Tamil Nadu Small Industries Development Corporation Limited
- TANSIDCO logo
- Type: Government Industrial Estate
- Founded: 1970; 56 years ago
- Founder: Government of Tamilnadu
- Headquarters: Guindy, Chennai, India
- Number of locations: 128 Industrial Estates [41 government estates and 87 TANSIDCO estates]
- Key people: Thiru Mangat Ram Sharma IAS(M.D)
- Services: Establishing its own Industrial Estates; Assisting promotion of Private Industrial Estates; Promotion of Common Facility Centres under Cluster Development Programme; Proving technical and managerial guidance to the MSMEs; Extending raw material support &marketing support;
- Owner: Government of Tamil Nadu
- Website: https://www.tansidco.org/

= Tamil Nadu Small Industries Development Corporation Limited =

State-agency in India promoting small-scale industries

The Tamil Nadu Small Industries Development Corporation Limited (TANSIDCO) is a state-agency of the state of Tamil Nadu, India established in 1970 to promote small-scale industries in the state. It establishes industrial parks throughout the state, providing the necessary infrastructure for small-scale industries, gives-away government subsidies for the sector, and provides technical assistance for the new industries. Industries refer to the secondary type of occupation.

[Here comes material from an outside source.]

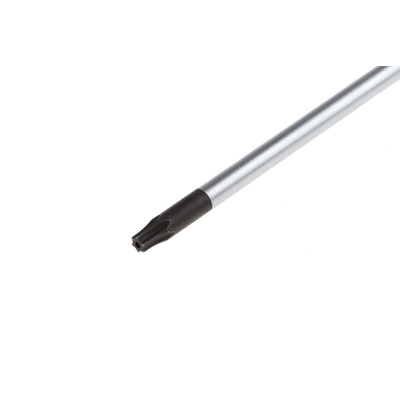 Wera Tamperproof Torx Precision Screwdriver, T8 Tip, 60 mm Blade, 157 mm Overall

Tamil Nadu is ranked as second largest industrialized state after Maharashtra.

== Inauguration ==
In 1958, an Industrial Estate was established in Guindy, Chennai. It was the first Established Industrial Estate in the Independent India. Later in 1963, Another Industrial Estate was established in Ambattur, near Chennai at a total spawn of 1167 acres and it is one among the largest MSME Industrial Estates in Asia.